Requirements to run this notebook:

1. [Install `perfcapture` and its dependencies in a new virtual environment](https://github.com/zarr-developers/perfcapture).
2. Activate that venv.
3. Install additional Python dependencies within the venv: `pip install ipykernel zarr matplotlib`
4. Optionally, install `fio` to benchmark your local hard disk. (On Ubuntu: `sudo apt install fio`)

# Benchmark local hard disk using `fio`

[`fio`](https://fio.readthedocs.io/) is a disk benchmarking tool written by [Jens Axboe](https://en.wikipedia.org/wiki/Jens_Axboe) (Jens is the current Linux kernel maintainer of the block layer).





In [1]:
!mkdir -p ~/temp/fio

In [2]:
%%capture fio_json
!fio --name=read --size=1g --direct=1 --bs=64k --rw=read \
     --ioengine=libaio --iodepth=32 \
     --directory="$HOME/temp/fio/" --output-format=json

In [3]:
import json
fio_json = json.loads(fio_json.stdout)
max_gbytes_per_sec = fio_json['jobs'][0]['read']['bw_bytes'] / 1E9
print(f"This hard drive is capable of {max_gbytes_per_sec:.3f} gigabytes per second.")

This hard drive is capable of 2.049 gigabytes per second.


# Create datasets and run workloads

In [1]:
from perfcapture.workload import load_workloads_from_filename, run_workloads
from perfcapture.dataset import create_datasets_if_necessary
import pathlib
import os
import time

In [2]:
path = pathlib.Path('../recipes/simple_zarr_python_workloads.py').resolve().absolute()
os.chdir(path.parent)
workloads = load_workloads_from_filename(path)

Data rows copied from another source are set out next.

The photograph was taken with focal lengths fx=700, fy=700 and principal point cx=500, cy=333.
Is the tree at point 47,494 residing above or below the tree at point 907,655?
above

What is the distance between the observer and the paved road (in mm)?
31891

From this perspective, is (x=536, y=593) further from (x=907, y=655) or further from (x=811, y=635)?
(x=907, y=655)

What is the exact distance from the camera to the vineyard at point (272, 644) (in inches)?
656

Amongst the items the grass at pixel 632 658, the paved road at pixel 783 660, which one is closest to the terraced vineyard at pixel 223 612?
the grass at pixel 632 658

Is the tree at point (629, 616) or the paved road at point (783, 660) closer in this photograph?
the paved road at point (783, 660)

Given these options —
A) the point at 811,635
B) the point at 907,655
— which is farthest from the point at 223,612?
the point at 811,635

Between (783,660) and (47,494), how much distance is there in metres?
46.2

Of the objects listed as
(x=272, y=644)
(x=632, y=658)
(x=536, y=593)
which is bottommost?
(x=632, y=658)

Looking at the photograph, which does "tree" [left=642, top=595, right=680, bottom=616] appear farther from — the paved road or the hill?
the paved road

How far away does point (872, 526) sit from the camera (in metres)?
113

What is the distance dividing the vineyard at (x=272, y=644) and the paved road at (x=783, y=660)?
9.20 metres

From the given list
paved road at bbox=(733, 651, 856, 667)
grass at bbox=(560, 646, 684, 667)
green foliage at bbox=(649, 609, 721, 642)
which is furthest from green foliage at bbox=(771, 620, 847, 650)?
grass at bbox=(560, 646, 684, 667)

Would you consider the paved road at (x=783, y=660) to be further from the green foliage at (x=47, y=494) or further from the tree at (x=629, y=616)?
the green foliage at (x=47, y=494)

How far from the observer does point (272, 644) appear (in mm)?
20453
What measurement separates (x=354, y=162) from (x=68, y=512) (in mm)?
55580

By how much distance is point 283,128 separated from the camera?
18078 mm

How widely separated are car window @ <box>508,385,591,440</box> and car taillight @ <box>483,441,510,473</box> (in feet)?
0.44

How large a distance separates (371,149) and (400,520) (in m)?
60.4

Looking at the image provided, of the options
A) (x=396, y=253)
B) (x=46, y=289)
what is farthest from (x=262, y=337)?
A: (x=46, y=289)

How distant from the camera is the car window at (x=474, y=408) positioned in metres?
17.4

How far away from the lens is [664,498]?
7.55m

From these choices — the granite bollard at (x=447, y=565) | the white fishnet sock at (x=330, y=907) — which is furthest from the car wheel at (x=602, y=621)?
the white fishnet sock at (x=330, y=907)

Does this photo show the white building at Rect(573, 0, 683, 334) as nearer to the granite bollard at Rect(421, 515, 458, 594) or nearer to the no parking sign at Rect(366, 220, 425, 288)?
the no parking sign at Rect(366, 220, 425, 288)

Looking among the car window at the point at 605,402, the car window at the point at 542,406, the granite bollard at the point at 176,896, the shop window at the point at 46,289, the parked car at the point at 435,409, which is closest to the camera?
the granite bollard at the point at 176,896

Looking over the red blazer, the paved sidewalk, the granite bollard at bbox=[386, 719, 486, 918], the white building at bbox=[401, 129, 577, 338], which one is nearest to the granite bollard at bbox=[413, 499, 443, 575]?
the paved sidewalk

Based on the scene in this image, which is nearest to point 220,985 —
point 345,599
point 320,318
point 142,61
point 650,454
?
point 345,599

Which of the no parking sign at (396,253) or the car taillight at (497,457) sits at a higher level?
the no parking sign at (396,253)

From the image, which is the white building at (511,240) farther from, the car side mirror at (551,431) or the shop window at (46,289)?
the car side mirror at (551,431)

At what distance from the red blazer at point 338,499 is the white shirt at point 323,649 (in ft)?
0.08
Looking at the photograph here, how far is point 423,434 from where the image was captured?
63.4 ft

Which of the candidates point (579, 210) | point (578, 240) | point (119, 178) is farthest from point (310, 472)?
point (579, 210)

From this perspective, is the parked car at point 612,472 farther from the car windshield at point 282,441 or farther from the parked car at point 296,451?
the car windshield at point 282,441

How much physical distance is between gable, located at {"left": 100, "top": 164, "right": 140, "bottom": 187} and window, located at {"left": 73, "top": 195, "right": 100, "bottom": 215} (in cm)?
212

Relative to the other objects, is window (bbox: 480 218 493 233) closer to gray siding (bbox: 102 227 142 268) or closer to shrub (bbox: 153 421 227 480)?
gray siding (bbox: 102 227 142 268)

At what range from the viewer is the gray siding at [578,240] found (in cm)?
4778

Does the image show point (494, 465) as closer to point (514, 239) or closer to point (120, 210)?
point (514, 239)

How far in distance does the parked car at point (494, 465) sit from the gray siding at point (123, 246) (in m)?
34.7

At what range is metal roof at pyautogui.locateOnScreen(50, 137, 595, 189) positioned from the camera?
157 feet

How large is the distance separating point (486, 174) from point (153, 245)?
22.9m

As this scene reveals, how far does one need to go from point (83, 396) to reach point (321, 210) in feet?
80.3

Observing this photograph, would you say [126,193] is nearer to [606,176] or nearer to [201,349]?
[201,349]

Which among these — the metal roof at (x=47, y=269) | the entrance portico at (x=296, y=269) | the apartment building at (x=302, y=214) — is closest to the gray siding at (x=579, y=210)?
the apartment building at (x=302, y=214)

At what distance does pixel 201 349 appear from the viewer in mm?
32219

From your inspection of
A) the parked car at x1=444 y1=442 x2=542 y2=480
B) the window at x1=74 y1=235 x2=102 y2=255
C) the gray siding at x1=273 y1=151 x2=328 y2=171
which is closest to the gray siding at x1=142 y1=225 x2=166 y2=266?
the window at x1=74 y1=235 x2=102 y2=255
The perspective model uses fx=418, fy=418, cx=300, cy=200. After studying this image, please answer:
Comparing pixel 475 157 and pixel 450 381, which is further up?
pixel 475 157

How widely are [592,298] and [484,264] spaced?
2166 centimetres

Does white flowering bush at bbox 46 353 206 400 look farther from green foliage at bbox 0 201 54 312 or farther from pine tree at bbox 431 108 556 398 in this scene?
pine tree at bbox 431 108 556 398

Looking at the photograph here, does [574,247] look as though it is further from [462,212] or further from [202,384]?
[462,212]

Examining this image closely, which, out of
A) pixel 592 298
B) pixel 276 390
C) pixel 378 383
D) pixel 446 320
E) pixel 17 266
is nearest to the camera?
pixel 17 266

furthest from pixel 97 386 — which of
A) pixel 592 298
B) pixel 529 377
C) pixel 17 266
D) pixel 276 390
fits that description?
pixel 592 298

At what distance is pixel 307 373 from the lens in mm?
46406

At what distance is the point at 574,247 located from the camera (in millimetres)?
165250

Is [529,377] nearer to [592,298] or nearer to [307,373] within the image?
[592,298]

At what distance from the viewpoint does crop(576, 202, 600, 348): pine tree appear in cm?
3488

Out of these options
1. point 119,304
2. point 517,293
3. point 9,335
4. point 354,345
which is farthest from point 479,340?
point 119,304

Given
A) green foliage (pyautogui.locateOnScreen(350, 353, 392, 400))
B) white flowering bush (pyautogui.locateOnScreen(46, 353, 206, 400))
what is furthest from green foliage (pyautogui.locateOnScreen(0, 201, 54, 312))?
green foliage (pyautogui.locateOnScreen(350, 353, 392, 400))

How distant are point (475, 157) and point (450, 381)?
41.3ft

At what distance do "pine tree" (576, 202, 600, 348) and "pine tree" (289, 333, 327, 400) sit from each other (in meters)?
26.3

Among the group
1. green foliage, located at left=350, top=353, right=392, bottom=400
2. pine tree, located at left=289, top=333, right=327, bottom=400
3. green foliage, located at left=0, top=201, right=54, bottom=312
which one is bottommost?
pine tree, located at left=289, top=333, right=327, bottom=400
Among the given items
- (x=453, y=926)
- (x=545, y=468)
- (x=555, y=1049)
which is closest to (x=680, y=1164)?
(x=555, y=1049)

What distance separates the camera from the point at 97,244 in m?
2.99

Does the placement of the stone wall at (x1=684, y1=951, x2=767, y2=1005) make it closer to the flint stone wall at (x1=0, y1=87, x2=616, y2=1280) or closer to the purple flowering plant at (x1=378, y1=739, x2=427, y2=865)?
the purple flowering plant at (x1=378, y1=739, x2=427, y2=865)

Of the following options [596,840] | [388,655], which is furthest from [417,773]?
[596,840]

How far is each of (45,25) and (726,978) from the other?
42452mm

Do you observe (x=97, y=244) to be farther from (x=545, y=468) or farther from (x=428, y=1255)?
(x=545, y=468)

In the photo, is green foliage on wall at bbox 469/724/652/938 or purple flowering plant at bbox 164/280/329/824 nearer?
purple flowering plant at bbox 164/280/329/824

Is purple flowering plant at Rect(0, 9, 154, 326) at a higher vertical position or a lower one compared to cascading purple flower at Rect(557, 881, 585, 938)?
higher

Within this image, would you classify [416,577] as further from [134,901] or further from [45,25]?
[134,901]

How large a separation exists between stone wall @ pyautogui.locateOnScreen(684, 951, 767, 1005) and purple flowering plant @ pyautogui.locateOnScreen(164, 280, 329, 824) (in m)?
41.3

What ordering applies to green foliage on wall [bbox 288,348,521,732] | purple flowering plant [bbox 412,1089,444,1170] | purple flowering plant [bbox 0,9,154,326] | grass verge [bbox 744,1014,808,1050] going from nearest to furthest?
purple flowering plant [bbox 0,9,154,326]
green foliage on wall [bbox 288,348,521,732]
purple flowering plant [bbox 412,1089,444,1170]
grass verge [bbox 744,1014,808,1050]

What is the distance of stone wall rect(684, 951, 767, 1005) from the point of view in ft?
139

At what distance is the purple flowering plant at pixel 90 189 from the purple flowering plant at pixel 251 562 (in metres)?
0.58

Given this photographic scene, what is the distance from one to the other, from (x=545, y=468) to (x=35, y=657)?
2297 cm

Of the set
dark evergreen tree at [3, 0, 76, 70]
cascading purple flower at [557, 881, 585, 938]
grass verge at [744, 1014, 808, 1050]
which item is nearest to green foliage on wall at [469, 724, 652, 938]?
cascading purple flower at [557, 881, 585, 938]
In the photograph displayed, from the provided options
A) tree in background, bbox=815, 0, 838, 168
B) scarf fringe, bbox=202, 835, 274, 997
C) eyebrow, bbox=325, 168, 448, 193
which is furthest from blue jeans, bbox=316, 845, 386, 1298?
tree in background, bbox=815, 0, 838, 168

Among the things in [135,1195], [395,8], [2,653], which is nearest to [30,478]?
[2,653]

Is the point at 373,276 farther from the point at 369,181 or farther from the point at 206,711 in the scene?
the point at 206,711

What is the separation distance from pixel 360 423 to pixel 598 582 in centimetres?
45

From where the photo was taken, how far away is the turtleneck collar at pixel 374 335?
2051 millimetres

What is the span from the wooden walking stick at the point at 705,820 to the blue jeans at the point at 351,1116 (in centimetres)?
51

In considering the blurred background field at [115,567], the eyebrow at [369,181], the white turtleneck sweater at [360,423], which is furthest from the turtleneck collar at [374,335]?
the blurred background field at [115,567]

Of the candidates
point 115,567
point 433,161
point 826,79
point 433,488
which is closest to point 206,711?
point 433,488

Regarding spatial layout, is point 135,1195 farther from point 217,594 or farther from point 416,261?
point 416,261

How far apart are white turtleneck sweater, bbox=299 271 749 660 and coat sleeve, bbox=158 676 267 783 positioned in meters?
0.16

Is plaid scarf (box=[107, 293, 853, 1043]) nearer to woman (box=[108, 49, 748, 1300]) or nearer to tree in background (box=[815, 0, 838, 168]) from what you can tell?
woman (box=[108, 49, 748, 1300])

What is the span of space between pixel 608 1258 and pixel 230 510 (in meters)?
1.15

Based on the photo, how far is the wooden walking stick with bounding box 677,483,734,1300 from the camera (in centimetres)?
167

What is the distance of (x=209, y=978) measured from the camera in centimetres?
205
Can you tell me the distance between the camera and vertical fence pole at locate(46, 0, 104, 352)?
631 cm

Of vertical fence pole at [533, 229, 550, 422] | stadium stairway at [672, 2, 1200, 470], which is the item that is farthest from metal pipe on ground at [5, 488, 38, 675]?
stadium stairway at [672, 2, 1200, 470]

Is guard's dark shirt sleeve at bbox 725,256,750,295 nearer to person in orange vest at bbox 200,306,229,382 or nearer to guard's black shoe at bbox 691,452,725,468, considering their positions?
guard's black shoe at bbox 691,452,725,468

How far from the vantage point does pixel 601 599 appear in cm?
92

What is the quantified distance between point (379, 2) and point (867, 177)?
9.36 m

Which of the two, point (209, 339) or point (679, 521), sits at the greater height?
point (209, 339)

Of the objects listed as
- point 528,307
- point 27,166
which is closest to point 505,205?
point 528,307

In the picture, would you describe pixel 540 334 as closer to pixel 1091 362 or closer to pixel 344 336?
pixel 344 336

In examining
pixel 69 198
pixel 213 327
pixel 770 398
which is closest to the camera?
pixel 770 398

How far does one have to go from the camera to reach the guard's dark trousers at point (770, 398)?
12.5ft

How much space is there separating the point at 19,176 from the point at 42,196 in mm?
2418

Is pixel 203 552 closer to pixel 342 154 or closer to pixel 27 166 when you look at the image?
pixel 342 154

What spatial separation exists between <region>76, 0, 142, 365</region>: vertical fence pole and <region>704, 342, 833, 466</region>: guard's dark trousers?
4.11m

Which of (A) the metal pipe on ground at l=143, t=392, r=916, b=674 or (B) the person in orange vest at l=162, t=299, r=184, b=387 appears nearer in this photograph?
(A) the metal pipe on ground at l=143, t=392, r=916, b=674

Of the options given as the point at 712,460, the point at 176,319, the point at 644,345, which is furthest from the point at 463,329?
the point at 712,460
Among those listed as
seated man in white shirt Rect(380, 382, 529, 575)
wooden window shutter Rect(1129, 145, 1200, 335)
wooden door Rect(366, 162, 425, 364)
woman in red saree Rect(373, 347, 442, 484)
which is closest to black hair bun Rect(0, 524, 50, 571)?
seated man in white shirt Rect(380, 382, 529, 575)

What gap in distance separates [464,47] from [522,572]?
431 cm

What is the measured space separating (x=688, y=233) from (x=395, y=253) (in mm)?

Instantiating ZarrPythonLoadEntireArray


In [3]:
DATA_PATH = pathlib.Path("~/temp/perfcapture_data_path").expanduser()
created_at_least_1_dataset: bool = create_datasets_if_necessary(workloads, DATA_PATH)
if created_at_least_1_dataset:
    print("Waiting for data to be flushed to disk...")
    time.sleep(10)

Found 5 Dataset object(s).
LZ4_100_Chunks already exists.
Uncompressed_1_Chunk already exists.
Uncompressed_10000_Chunks already exists.
Uncompressed_100_Chunks already exists.
LZ4_10000_Chunks already exists.


In [4]:
all_timers = run_workloads(workloads, keep_cache=False)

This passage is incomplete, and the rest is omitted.